Niet dat ik daar veel tijd voor heb, want ik moet mij bezighouden met het bevolkingsonderzoek darmkanker. Opeens lag een paarsige plastic envelop in de bus met een set waarmee de vaderlander van middelbare leeftijd zijn ontlasting moet samplen. Aan de begeleidende folder is goed te zien dat hurkgedrag de nieuwe houding is, want achter woorden als ontlasting staat tussen haakjes ‘poep’. Volgens mij is het doel van de evolutie dat mensen die woorden als ontlasting niet begrijpen uit de genenpool verdwijnen, maar dat zal de huishoudnazi in mij zijn. De Maag Lever Darm Stichting heeft zelfs een website (poepwijzer: je poep wil je wat vertellen) die uitsluitend in de-mens-is-dom-en-dat-houden-we-zo-termen spreekt. Ik denk dat mijn poep mij niets wil vertellen. En ik heb mijn poep ook niets te zeggen. Als ik dat wel dacht, schreef ik of De Fecaliën-monologen of ik liet mij opnemen tussen mensen die met de bevolking van Venus converseren of denken dat ze Jezus zijn.

Ik denk dat mijn poep mij niets wil vertellen

Maar ondertussen sta ik wel met het soort ragertje dat mijn tandarts mij steeds probeert te verkopen in mijn maandagochtend-productie te prikken, terwijl ik word besprongen door een bijbelcitaat (Tot hiertoe heeft de Here ons gebracht) en ondertussen de woede probeer te onderdrukken die mensen in verpleegtehuizen voelen als een goedbedoelende hulp vraagt hoe het vandaag met ons gaat.

God, wat zal ik een chagrijnige oude man worden.

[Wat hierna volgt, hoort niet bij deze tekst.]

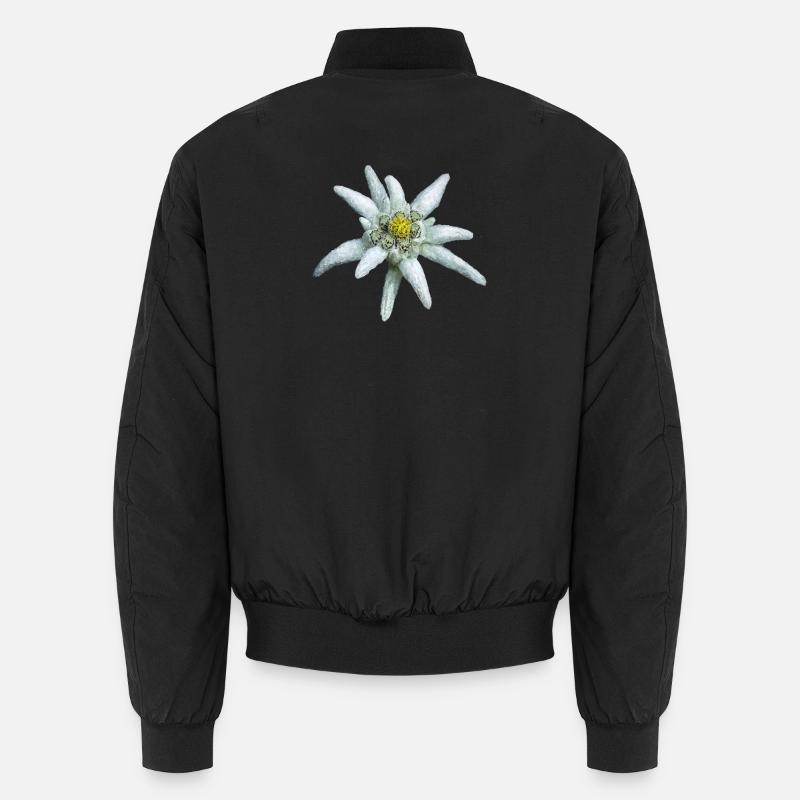 Alpine Edelweiss - Unisex Bomber Jacket - black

Hurkgedrag… Ik herinner mij dat ik in de vroege jaren tachtig mijn eerste stukje voor de plaatselijke krant inleverde en als commentaar kreeg dat het te moeilijk was: ‘De lezer is een dertienjarige mavoscholier in Appelscha.’ Ik antwoordde dat die lezer dat dan ook altijd bleef als we geen woorden van meer dan twee lettergrepen gebruikten. Waarmee ik maar wilde zeggen dat hurken geen kwestie is van rekening-houden-met, maar bevoogding van het ergste soort. Je schrijft mensen pas echt af als je ze niet meer intellectueel uitdaagt en afdaalt naar hun niveau. (Iets zegt mij nu dat ‘afdalen’ niet politiek correct is, want iedereen is natuurlijk even goed en elke mening waardevol, ook al ben je te stom om je eigen veters te strikken, waarmee ik overigens niets wil zeggen over mensen die hun veters niet kunnen strikken.)

Tandenragertje in een buisje met zoutoplossing, buisje in een plastic zakje, zakje in een envelop, kaart ingevuld en naar de postbus. Overal in Nederland lopen nu vijftigers met een plastic zak met poep (ontlasting) over straat. In de sorteercentra van PostNL sorteert een speciale poeptaskforce paarse plastic enveloppen. Poep, poep, poep. Het hele land is in de ban van zijn/haar/lgbt ontlasting. De praatgroep Scatofilie van denvsh wordt verrast door spectaculaire ledentoename. GroenLinks dient een wetsvoorstel in dat genderneutraal poepen mogelijk maakt. Bruin is de modekleur voor de herfst.

Ik denk dat ik maar eens aan een nieuw boek begin.